§ **HOW TO COMPLETE THIS TASK**:
Copy the data exactly; pictures stay out of the copy.

§ **DATASET EXTRACT**:
○ ○ ○

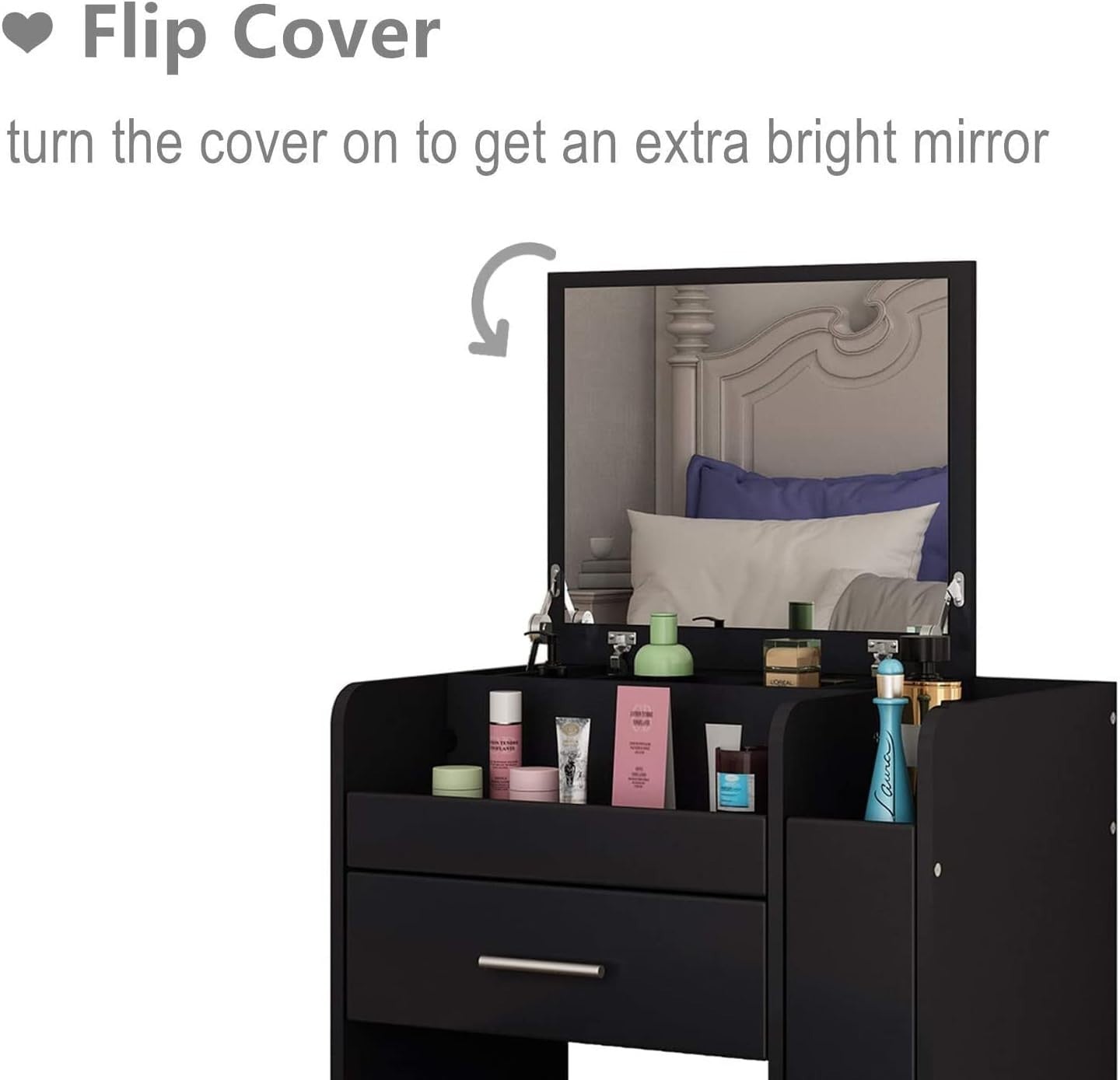 Vanity Set Dressing Table Flip Mirror 3 Drawers LED Lights Stool Makeup Desk Bla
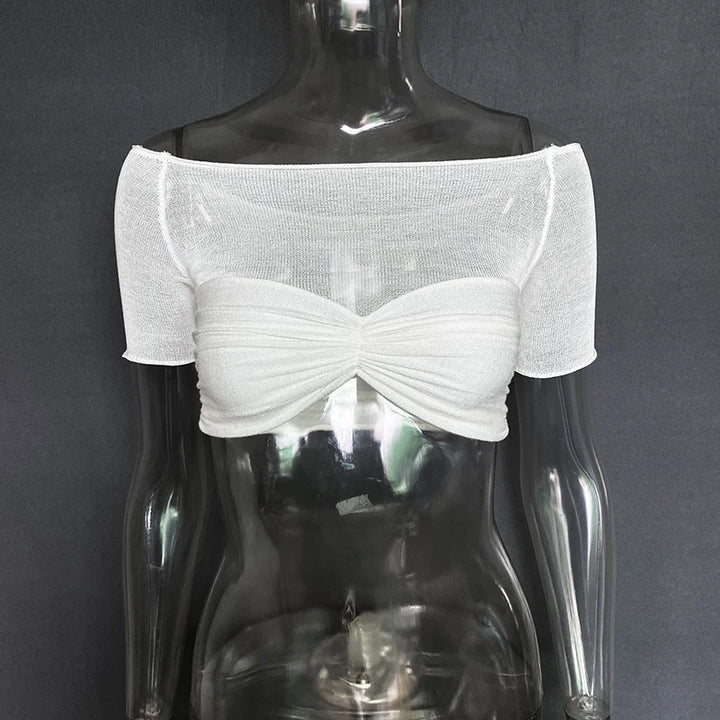 Mozision See Through Mesh Crop Top Women Pullovers Strapless Short Knit Cropped Tops Ladies Tee Shirt Sexy Off-shoulder T-shirt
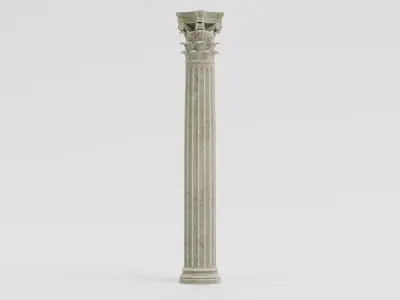 Corinthian Column V2 - Old Ornate Classical Pillar 3D model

○ ○ ○

§ **COMPLETED EXERCISE**:
 Vanity Set Dressing Table Flip Mirror 3 Drawers LED Lights Stool Makeup Desk Bla
 Mozision See Through Mesh Crop Top Women Pullovers Strapless Short Knit Cropped Tops Ladies Tee Shirt Sexy Off-shoulder T-shirt
 Corinthian Column V2 - Old Ornate Classical Pillar 3D model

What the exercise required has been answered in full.